Required work:
Please output all of the entries exactly and omit any images they hold.
▶
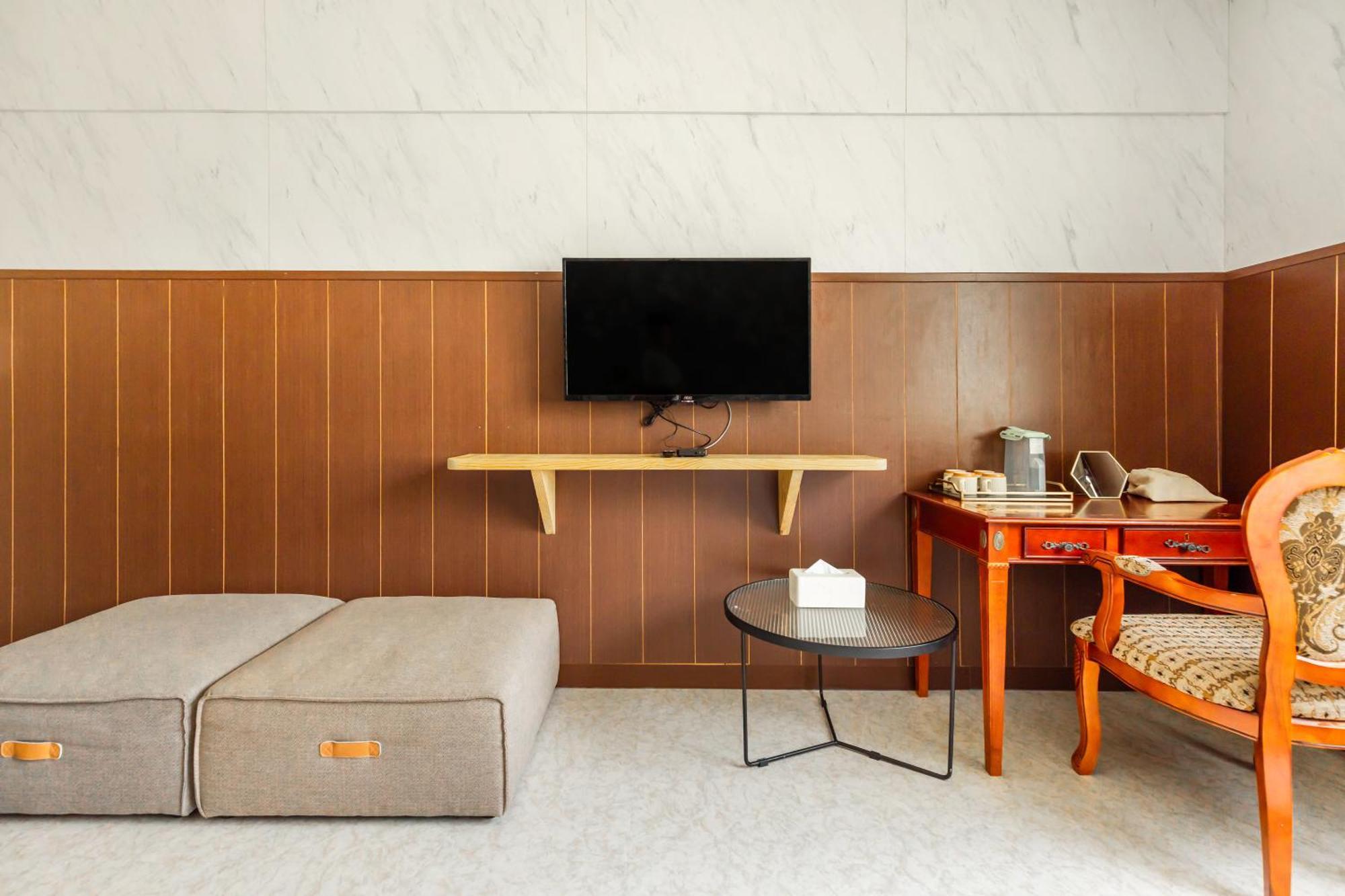 Hotel 32小巷弄 Tainan Zewnętrze zdjęcie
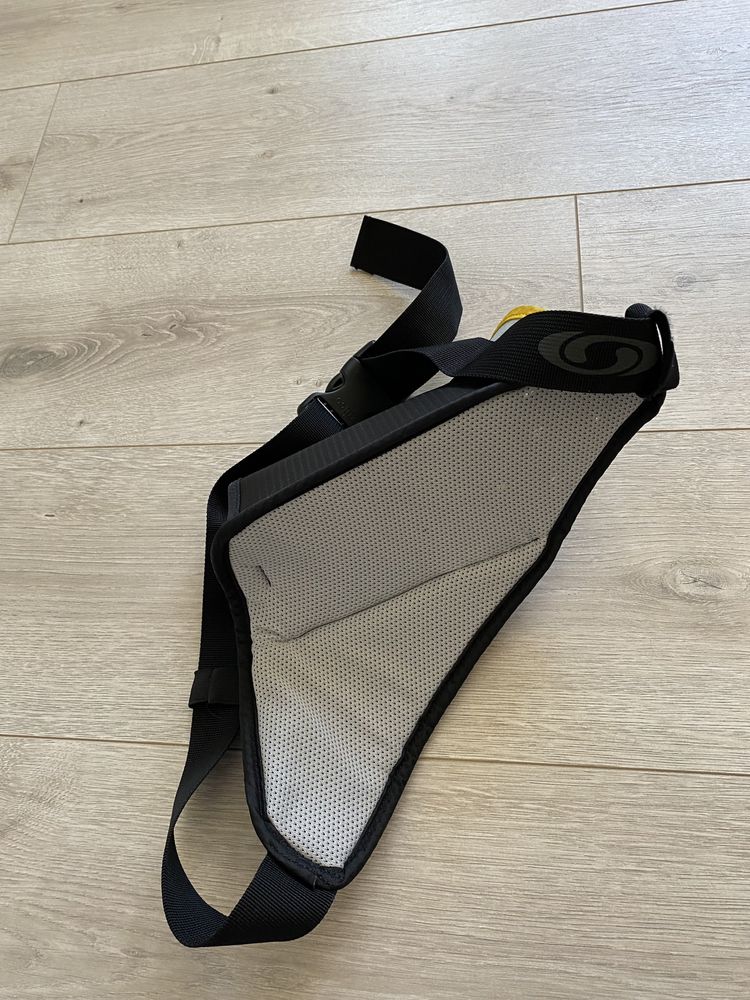 Salomon спортивна сумка для бігу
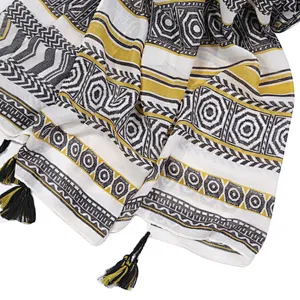 New  style fashion Vintage wavy pattern shawl  scarf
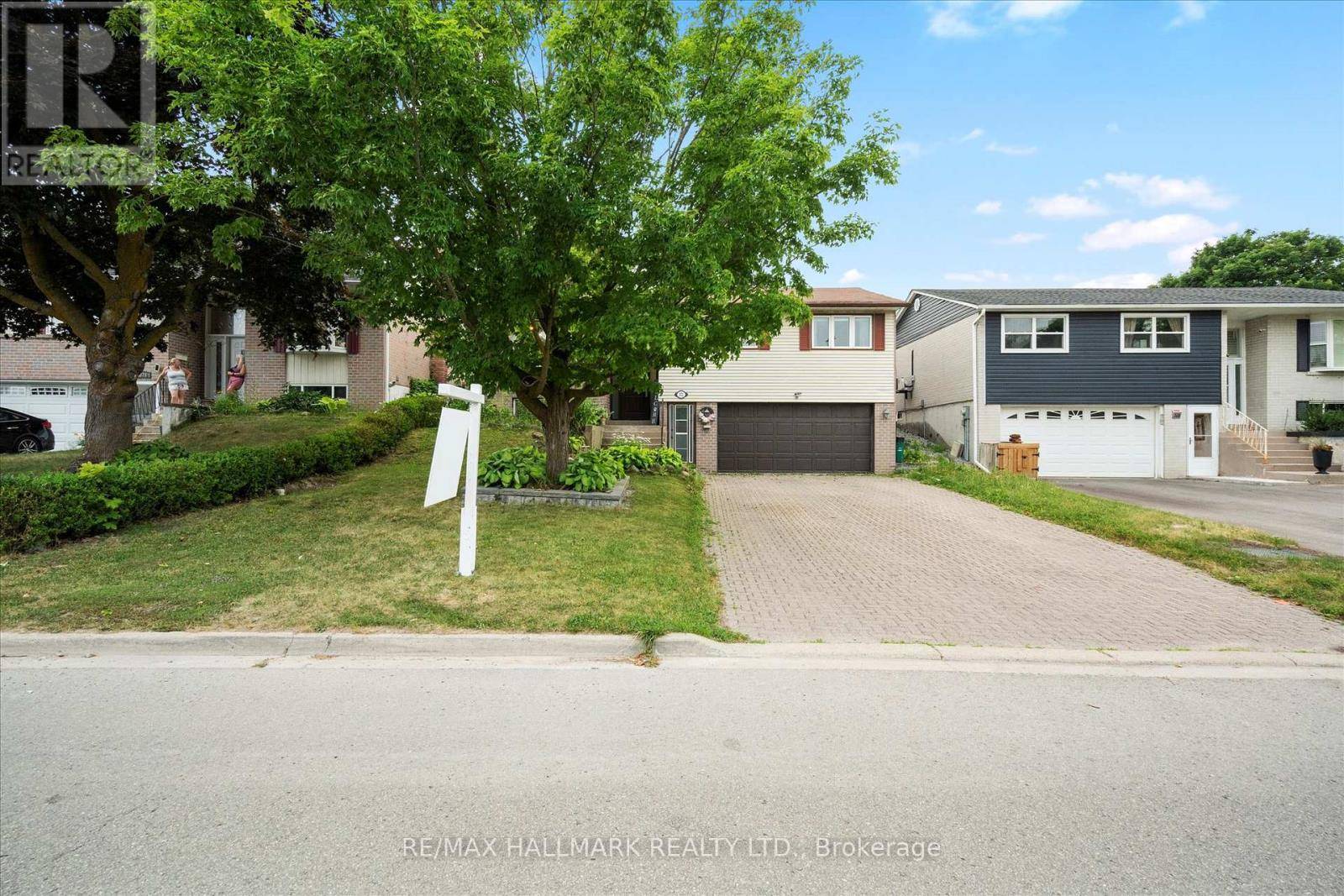 Newmarket (central Newmarket), ON L3Y5C4,372 DIXON BOULEVARD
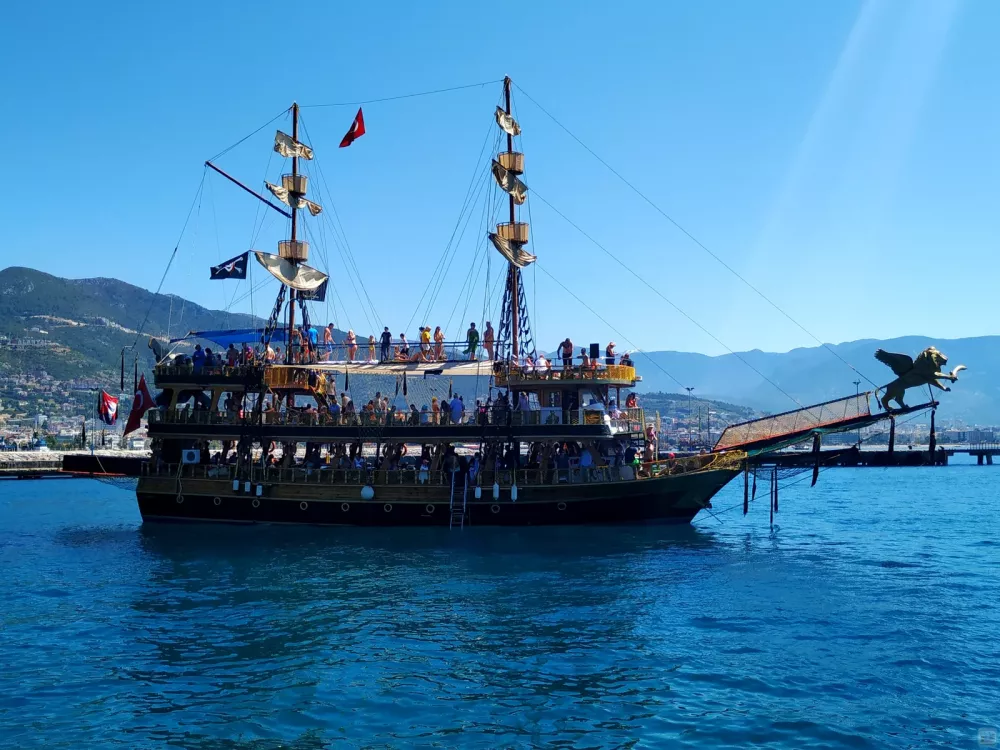 Прогулки на яхте в Алании - 30$ - Ref: 7525 фото 1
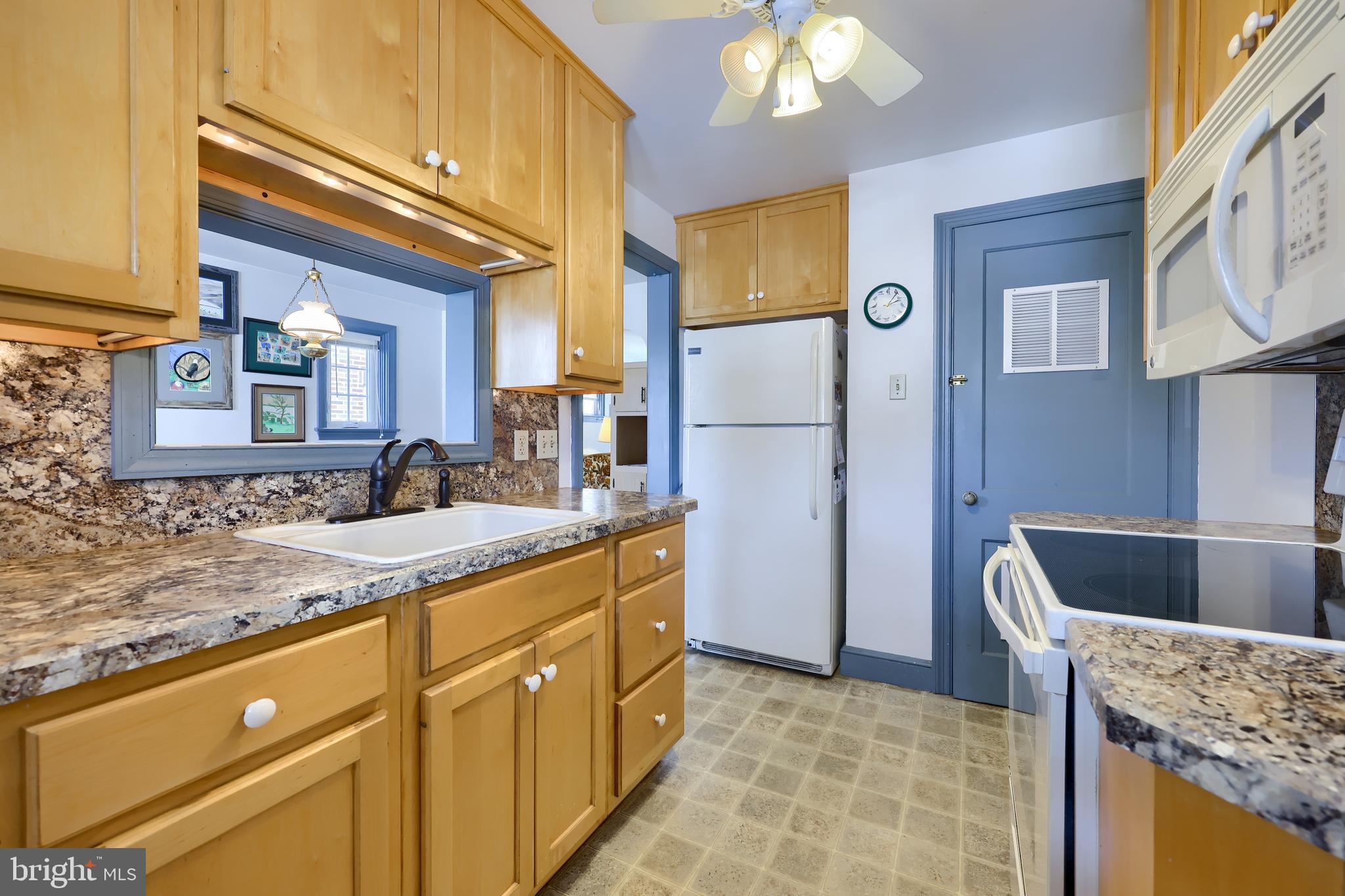 853 East Madison Street Lancaster, PA 17602 - Photo 24 of 37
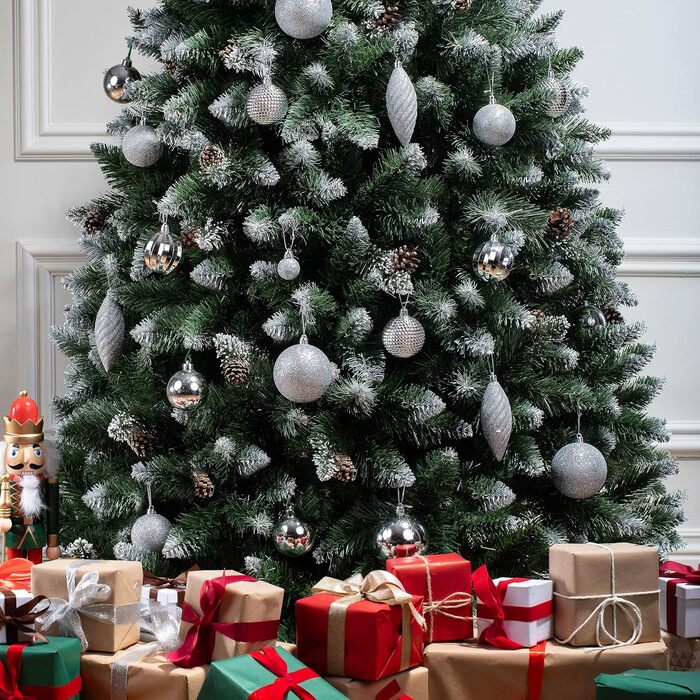 Штучна ялинка FAIRYTREES сосна 220 см, білий засніжений ефект, ПВХ, з натуральними шишками та дерев'яною підставкою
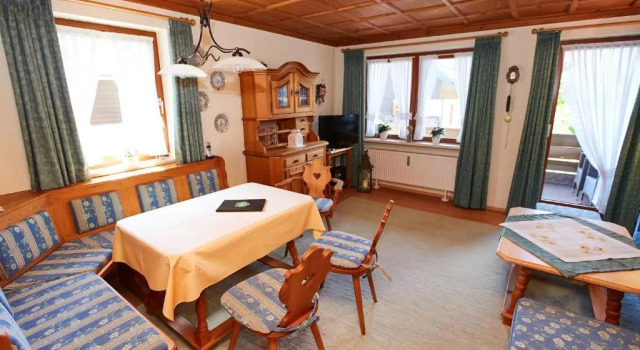 Ferienwohnung Decker, Varaa Huoneisto Hotellit Baijeri pysäköinnillä, Pysäköinti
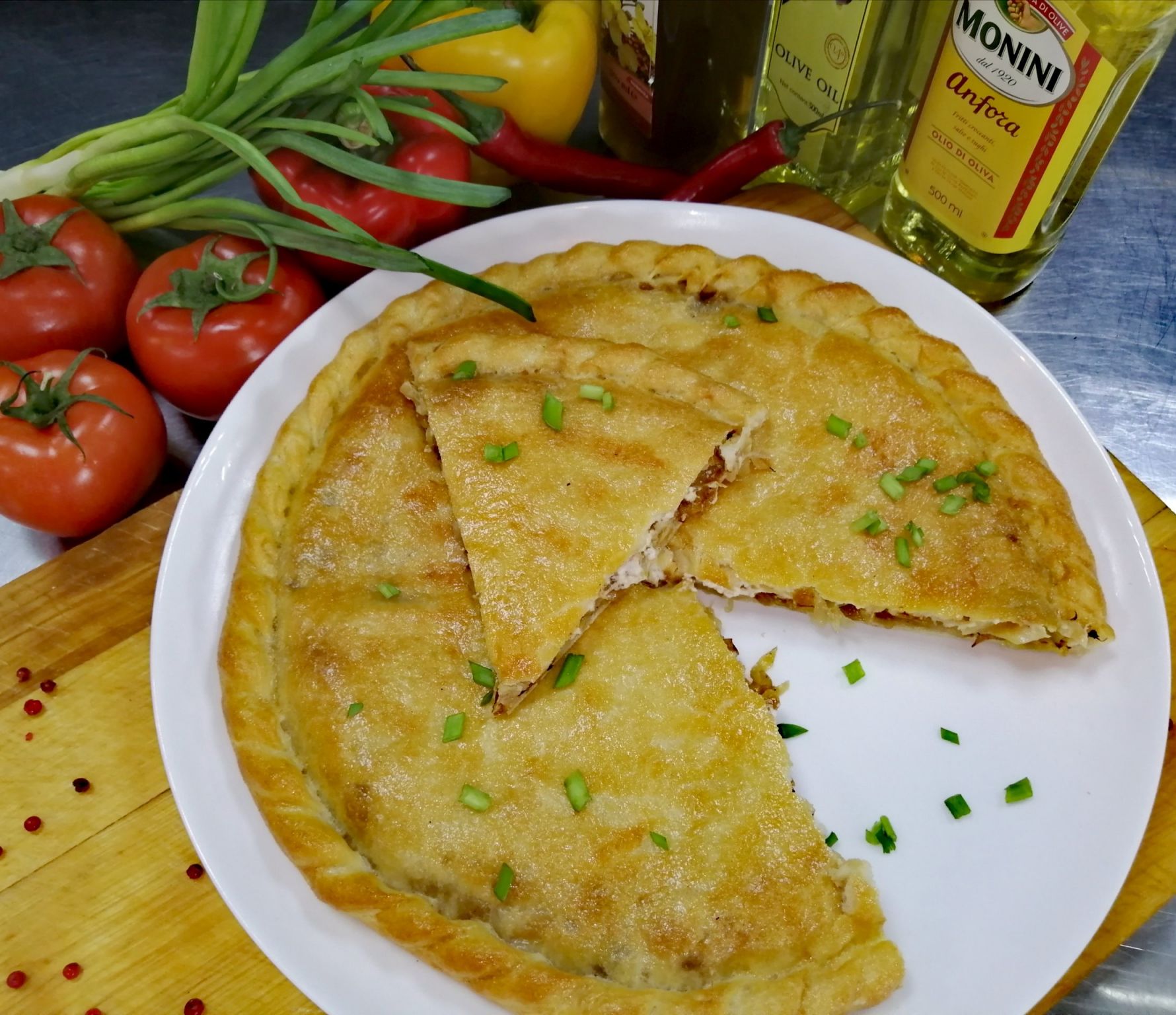 Пирог осетинский с капустой и сыром 640 гр
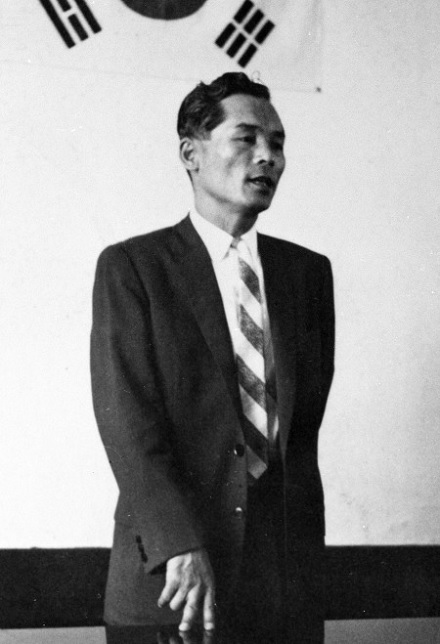 1958년 8월 7일 대한교육보험 개업식에서 미래비전을 제시하는 대산 신용호 / 사진=교보생명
◀
Solution below:
 Hotel 32小巷弄 Tainan Zewnętrze zdjęcie
 Salomon спортивна сумка для бігу
 New  style fashion Vintage wavy pattern shawl  scarf
 Newmarket (central Newmarket), ON L3Y5C4,372 DIXON BOULEVARD
 Прогулки на яхте в Алании - 30$ - Ref: 7525 фото 1
 853 East Madison Street Lancaster, PA 17602 - Photo 24 of 37
 Штучна ялинка FAIRYTREES сосна 220 см, білий засніжений ефект, ПВХ, з натуральними шишками та дерев'яною підставкою
 Ferienwohnung Decker, Varaa Huoneisto Hotellit Baijeri pysäköinnillä, Pysäköinti
 Пирог осетинский с капустой и сыром 640 гр
 1958년 8월 7일 대한교육보험 개업식에서 미래비전을 제시하는 대산 신용호 / 사진=교보생명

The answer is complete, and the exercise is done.